Feature

Having published under every editor of Psychological Review since 1972, John R. Anderson, PhD, feels not only ready to edit the journal, but honored to have the chance to repay it.

"In my mind, this has always been the cream of the crop, the premier journal of the field," says Anderson, the R.K. Mellon professor of psychology and computer science at Carnegie Mellon University, of Psychological Review. "Authors save their best work for publication in this journal," first published in 1894.

Still, he admits he'd like to nudge the journal in some new directions and counter a few myths about the publication. For starters, he says many potential authors have the misperception that the journal seeks only articles concerned with mathematical/computational models. In truth, the journal welcomes a broad range of papers and articles that aim to advance psychological theory, including those covering original empirical research.

He also plans to encourage authors to write succinctly, a strategy he hopes will cut down the amount of time it takes for articles to clear the review process.

"Many articles often contain too much material that is not relevant to why the paper is an important contribution," says Anderson. "The journal will especially value papers that focus on communicating their core contributions, rather than being encyclopedic."

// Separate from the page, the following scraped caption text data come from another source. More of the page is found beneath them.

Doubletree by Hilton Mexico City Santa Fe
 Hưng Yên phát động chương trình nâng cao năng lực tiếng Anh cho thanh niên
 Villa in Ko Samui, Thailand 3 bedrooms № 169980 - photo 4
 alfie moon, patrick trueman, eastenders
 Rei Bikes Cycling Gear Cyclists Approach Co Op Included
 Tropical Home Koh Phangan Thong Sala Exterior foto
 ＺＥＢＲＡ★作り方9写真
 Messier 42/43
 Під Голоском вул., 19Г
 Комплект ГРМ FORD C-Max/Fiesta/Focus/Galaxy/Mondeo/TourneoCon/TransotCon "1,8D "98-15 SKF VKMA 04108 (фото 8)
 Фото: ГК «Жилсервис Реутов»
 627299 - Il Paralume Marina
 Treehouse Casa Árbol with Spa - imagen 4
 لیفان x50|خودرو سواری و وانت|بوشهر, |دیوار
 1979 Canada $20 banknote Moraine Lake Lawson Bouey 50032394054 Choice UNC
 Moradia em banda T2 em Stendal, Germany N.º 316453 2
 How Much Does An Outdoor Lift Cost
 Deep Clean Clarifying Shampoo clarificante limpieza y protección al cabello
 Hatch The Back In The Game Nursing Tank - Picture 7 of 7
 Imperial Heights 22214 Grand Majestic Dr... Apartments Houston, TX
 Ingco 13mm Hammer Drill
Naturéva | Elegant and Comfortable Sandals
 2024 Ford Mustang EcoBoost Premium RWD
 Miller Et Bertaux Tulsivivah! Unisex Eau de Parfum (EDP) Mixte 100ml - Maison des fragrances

Anderson is best known for ACT-R, his computational theory of human cognition. His most recent work applies cognitive psychology and ACT-R to mathematics education by using fMRI to observe how adolescents learn math. Currently, 500,000 U.S. students are using his research-based, computer-based cognitive tutoring system for mathematics.

Anderson has been an associate editor of Cognitive Science, and a consulting editor for Psychological Review and he has been a professor at Carnegie Mellon since 1978. He earned his PhD in 1972 at Stanford University, where he studied under eminent cognitive psychologist Gordon H. Bower, PhD.